The third important aspect is that, while everyone may think that even if central banks fail, the governments will be able to step in and bail out everyone again as it happened in 2008 or 2020, I’m afraid this is not the case anymore: “FINANCIAL MARKETS REACHED A “SINGULARITY” NO ONE WANTS TO DEAL WITH“. As a matter of fact, governments and central banks are trapped in a vicious circle that makes them dependent on each other:
- One side needs the government to pick up the bill to repay for its capital deficit (aka insolvency)
- The other side needs central banks to keep monetizing their deficit spending because the population cannot support a higher level of taxation paired with draconian spending cuts that are what’s really needed to break the vicious circle.

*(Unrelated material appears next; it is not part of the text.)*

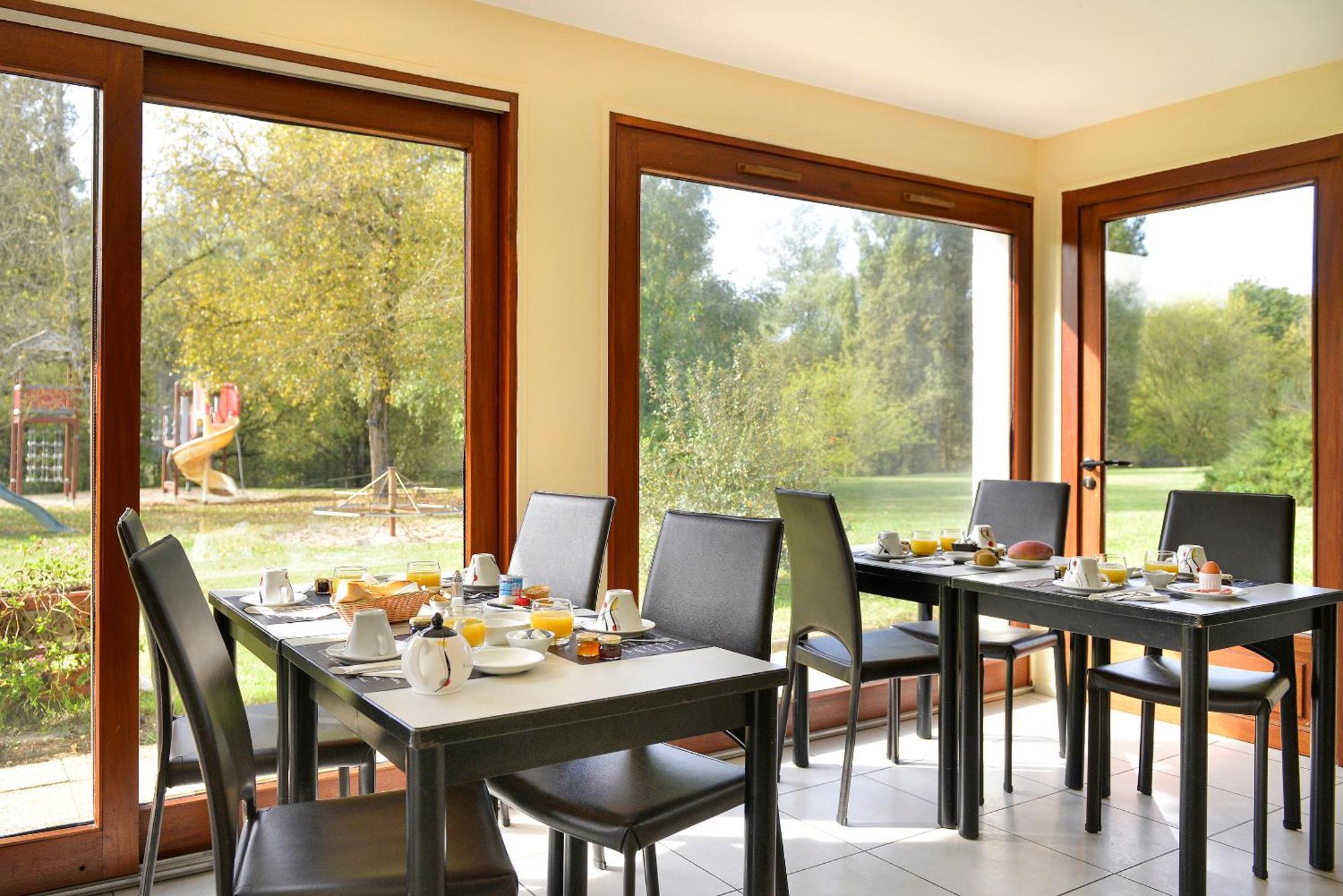 Hotel Restaurant Le Relais De Pouilly المظهر الخارجي الصورة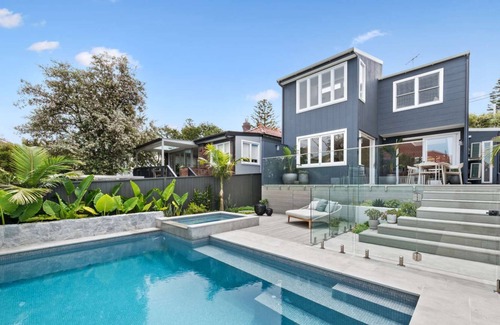 Clovelly House | Exceptional renovated 4BR home with pool and views, walk to beach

Where is all this leading to? Simple answer: “FED ACTION TODAY MARKS THE BEGINNING OF THE END OF THE FIAT MONETARY SYSTEM EXPERIMENT“.
When will everything unfold? No one can time the market and be careful to listen to whom pretends to do it. From the holistic analysis I put together several days ago a potential answer is Q1-25 but, again, this is as reliable as holding a finger in the air considering how many moving parts are at play and how incredibly complex today’s market is (“HOW LONG WILL THIS BUBBLE LAST? IT LOOKS LIKE TILL Q1-2025“)
Again, don’t worry though, there is always an end to every tunnel, and even if we are heading through tough times, if you act correctly, what comes next is a lifetime opportunity to build unbelievable wealth both in stocks (“THE FORGOTTEN LESSON FROM EVERY CRASH SINCE 1929: BE A BUYER WHEN THERE IS NO HOPE LEFT IN MARKETS“) and eventually even in crypto. For the latter, the biggest asset manager in the world has been preparing for it already (“IS THIS BLACKROCK’S MASTER PLAN FOR BITCOIN?“).
I hope this article has been helpful to truly understand what’s really going on and you take the right precautions ahead of time.